I was hanging out with my homie Chris last week when we decided to hit the  Barnes and Noble across the street from my place.  I was pleasantly surprised to see Juval Lowy's Programming WCF Services was in stock. I've been waiting for it for a while (and Justin and Scott have two more soon to be released WCF books both of which promise to be great). 

If you've been following my posts lately, you know I've been pretty impressed with the recent crop of Windows Communication Foundation books that have been coming down the pipeline.  I guess with some technologies one's game has to be pretty decent to even get admission.  Although WCF in and of itself isn't 'hard', I think it qualifies here.  Doing trivial tasks with WCF is cake.  Doing many middle level tasks are cake.  Understanding it and being able to architect it is another story.

So with the two previous titles, I said that I loved both of them but for different reasons.
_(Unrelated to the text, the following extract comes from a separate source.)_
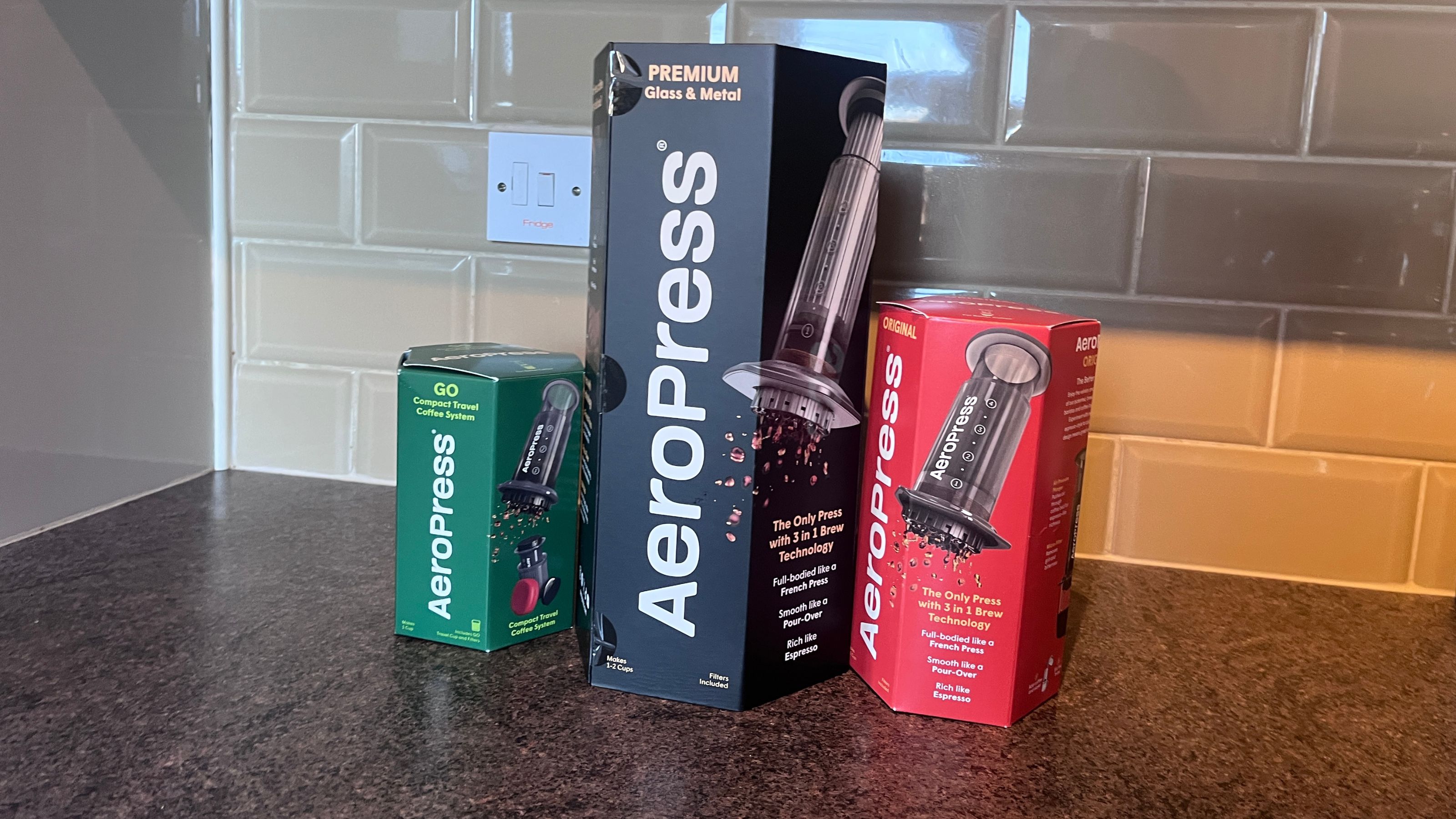 Three Aeropress models side by side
Well, I love Juval's book too, and again, for different reasons. 

Which one do I think is best?  Well, if you'll excuse the cliche, that's like saying Jenna Jameson is 'better' than Janine Lindemulder or Tara Patrick, or that a Porsche is better than a Ferrari or Lambroghini.  Too tough of a call to make.  Fortunately, there's an easy solutions.  Buy all three. You'll be glad you did if you care about learning WCF.
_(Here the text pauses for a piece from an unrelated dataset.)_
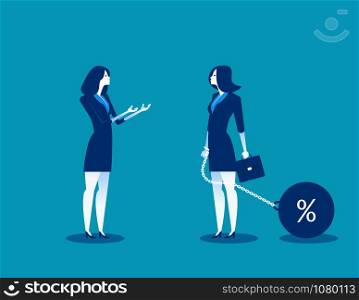 Woman talking to businesswoman chain bound hands. Concept business vector illustration. Character flat design.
They all have different strengths and emphasize different things.  I don't think any of them are deficient in any way, but they each have a few areas that well over the 100% mark.  Juval's strong points are : 

  • His ability to spell out big picture issues and then relate them to specific tasks. For instance, much in the style of Rocky's discussion of business objects via CSLA, Juval builds upon a useful framework that gets more involved as the book progresses.
  • Data Contracts were discussed as well as anything could be discussed.  All three books are pretty strong on Data Contracts, however I've largely focused on other things until now.  I finally had some time to get deep into data contracts and happened upon Juval's book.  Excellent.  He aslo did a great job on Transactions and Security.  Every time I think I've 'gotten' it with security, I read something else and realize how little I know.
  • In the end, Juval wraps it up with a series of suggestions that are just plain good.  At first I had trouble with a few of them.  Juval found out about it and graciously sent me an email explaining them.  I realized I was the bubblehead that hadn't paid enough attention. 
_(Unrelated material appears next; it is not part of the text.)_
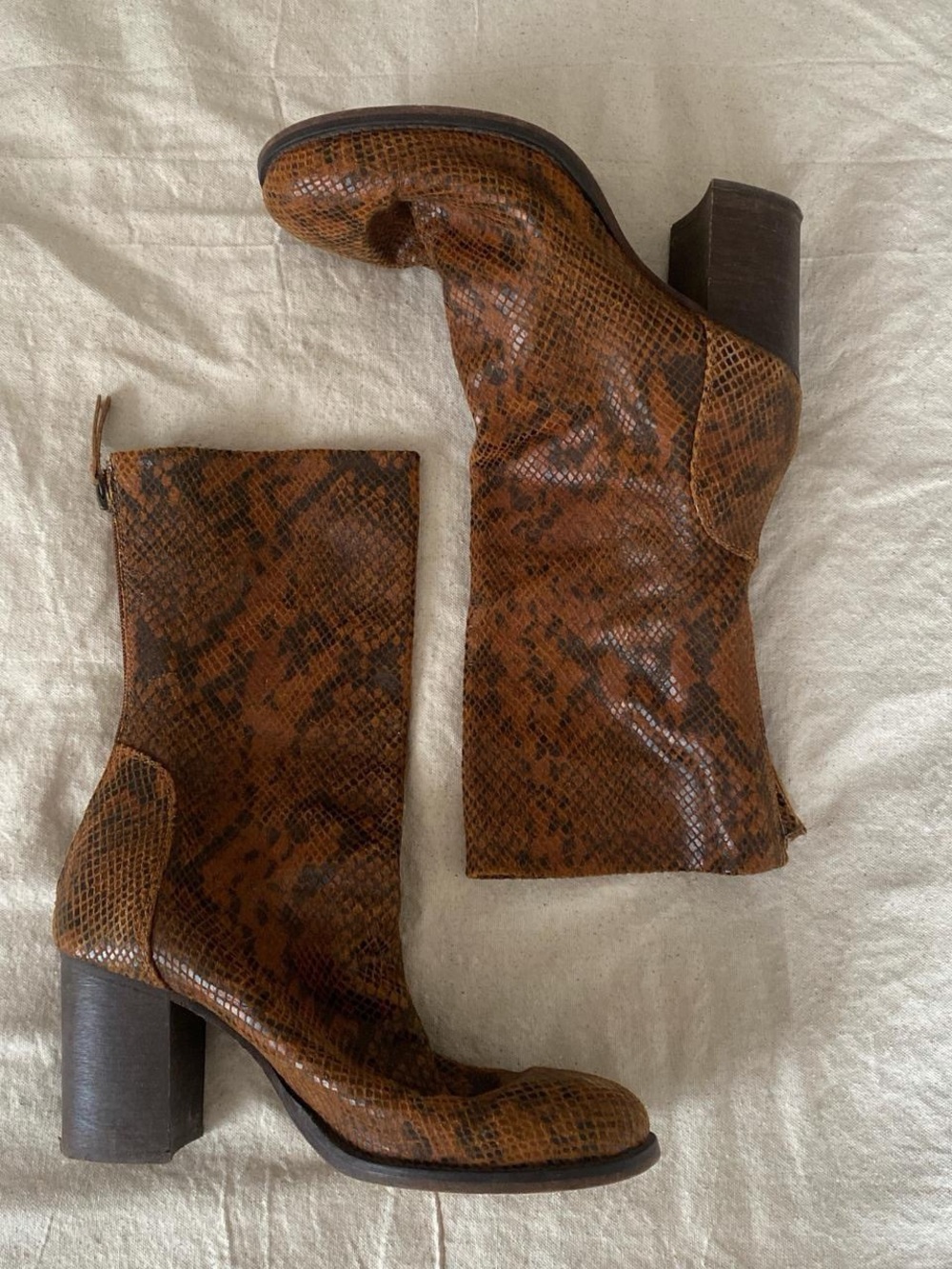 Free People Brown Snake-Print Mid-Calf Block Heel Boots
All I can say is that Juval's book is top notch and it's clearly the work of a guy really committed to excellence in his profession.  I say the same about the previous two WCF books and can promise you that you can't go wrong with any of them, and you're guaranteed to go right with all three.

 

Office Sharepoint 2007

As a staunch Bill E fan, all I can say is Bill knocked it out of the park again.  My MOSS 2007 game was off to a good start, but I got distracted on too many other things. I'm trying to make a second pass at it now and am darned glad i got this.  I'm taking the 70-630 next week, so the proof will be in the pudding but I'm quite sure I'll do well on it.

Can't go wrong with a Bill English book either.